> **Stored data**
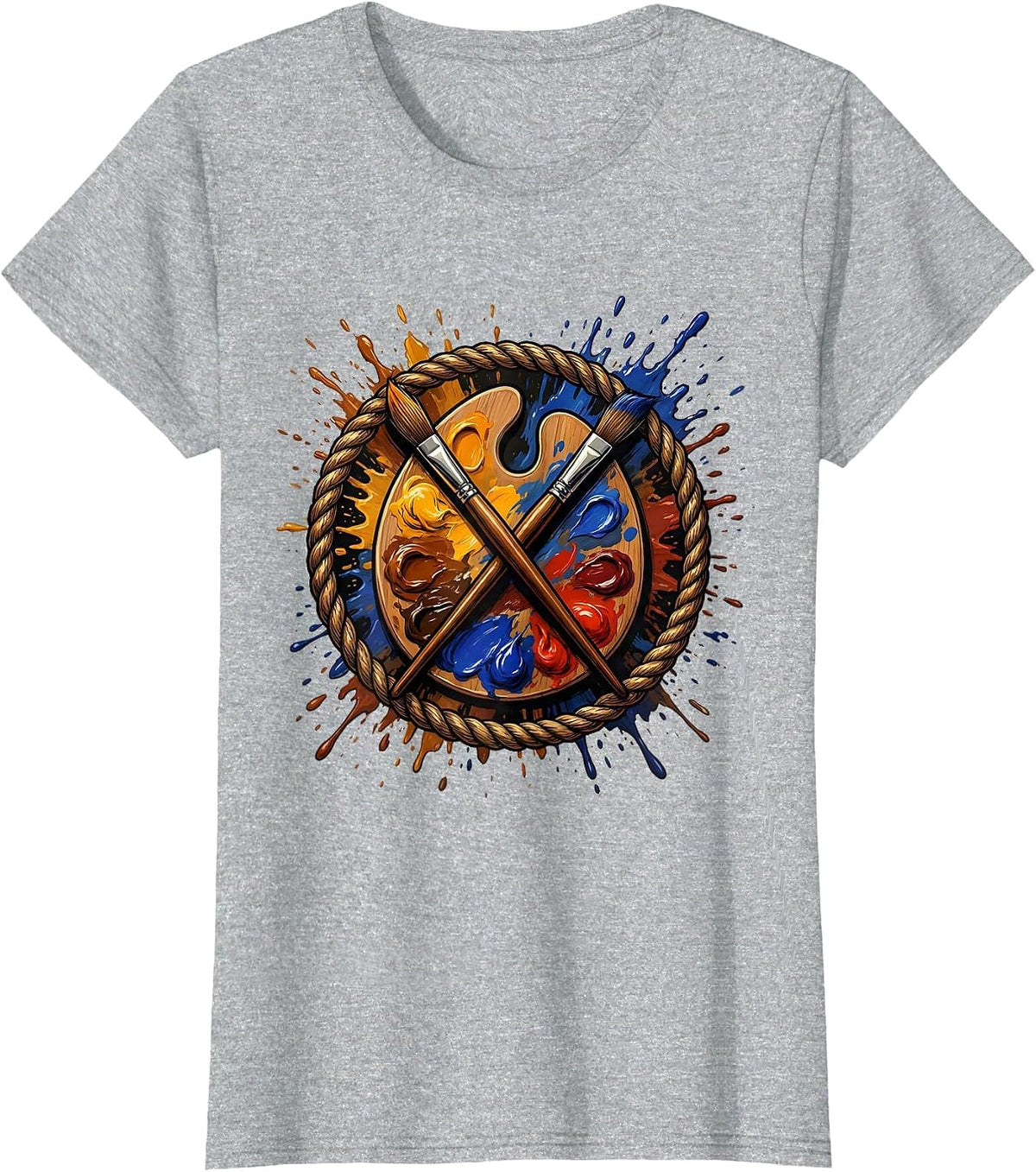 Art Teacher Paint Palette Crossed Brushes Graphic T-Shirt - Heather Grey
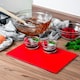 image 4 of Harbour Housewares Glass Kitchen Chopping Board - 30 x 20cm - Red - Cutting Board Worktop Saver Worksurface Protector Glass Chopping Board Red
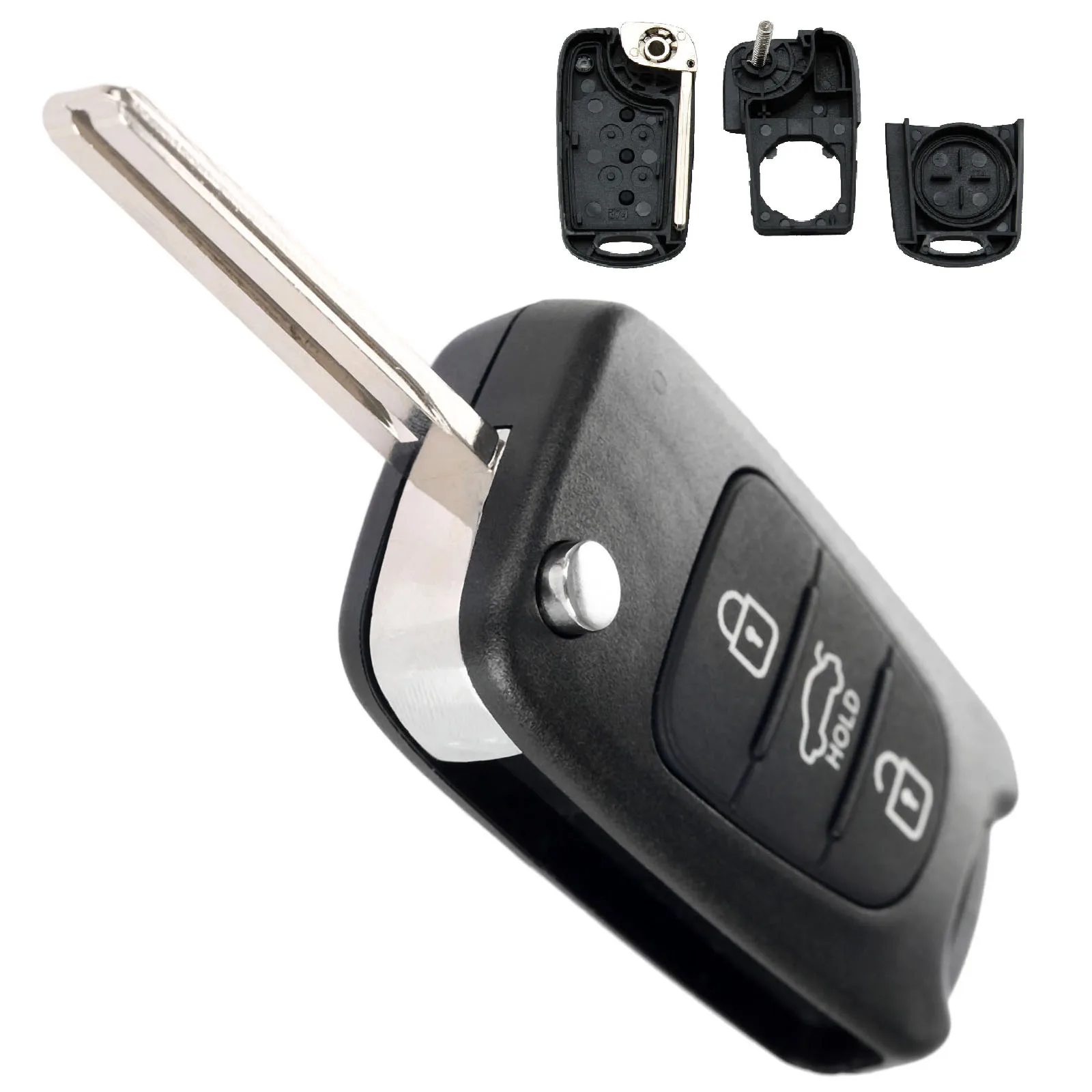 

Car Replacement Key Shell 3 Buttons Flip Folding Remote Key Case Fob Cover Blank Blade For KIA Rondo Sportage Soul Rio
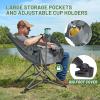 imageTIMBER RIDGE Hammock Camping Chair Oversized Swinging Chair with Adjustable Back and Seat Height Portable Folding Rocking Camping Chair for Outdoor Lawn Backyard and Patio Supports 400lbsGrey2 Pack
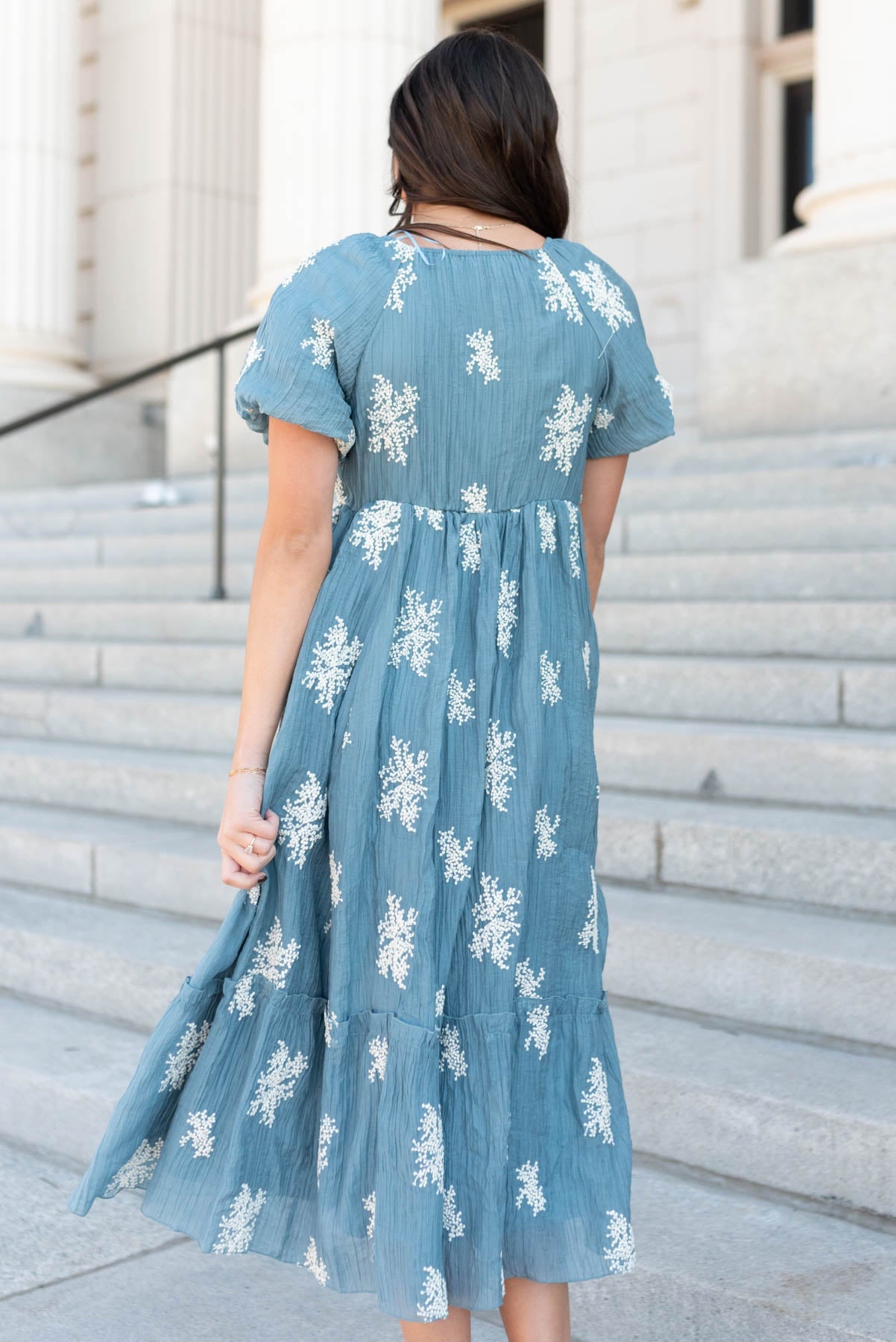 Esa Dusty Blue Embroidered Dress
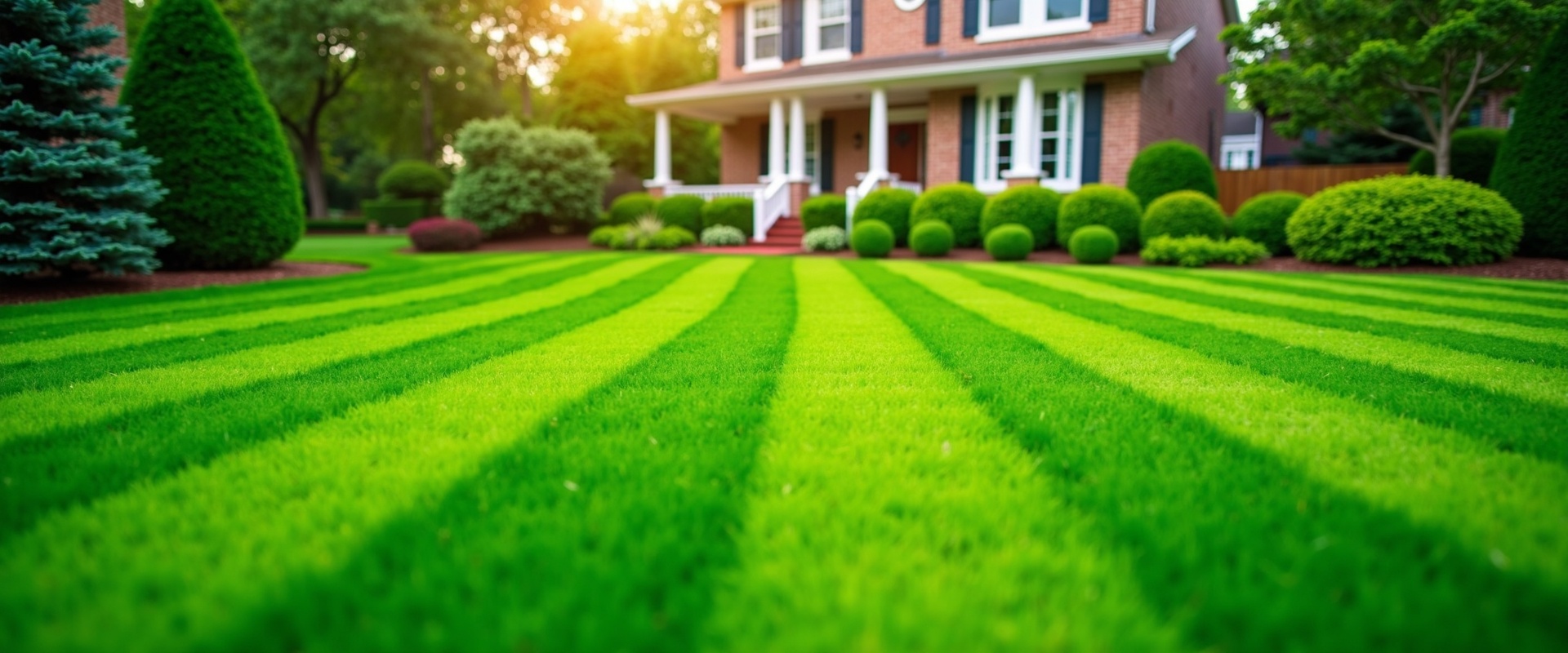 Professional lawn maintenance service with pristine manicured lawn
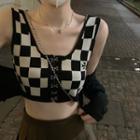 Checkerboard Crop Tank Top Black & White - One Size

> **Work instructions**
Write out the data word for word, with every picture dropped.

> **Task output**
 Art Teacher Paint Palette Crossed Brushes Graphic T-Shirt - Heather Grey
 image 4 of Harbour Housewares Glass Kitchen Chopping Board - 30 x 20cm - Red - Cutting Board Worktop Saver Worksurface Protector Glass Chopping Board Red

Car Replacement Key Shell 3 Buttons Flip Folding Remote Key Case Fob Cover Blank Blade For KIA Rondo Sportage Soul Rio
 imageTIMBER RIDGE Hammock Camping Chair Oversized Swinging Chair with Adjustable Back and Seat Height Portable Folding Rocking Camping Chair for Outdoor Lawn Backyard and Patio Supports 400lbsGrey2 Pack
 Esa Dusty Blue Embroidered Dress
 Professional lawn maintenance service with pristine manicured lawn
 Checkerboard Crop Tank Top Black & White - One Size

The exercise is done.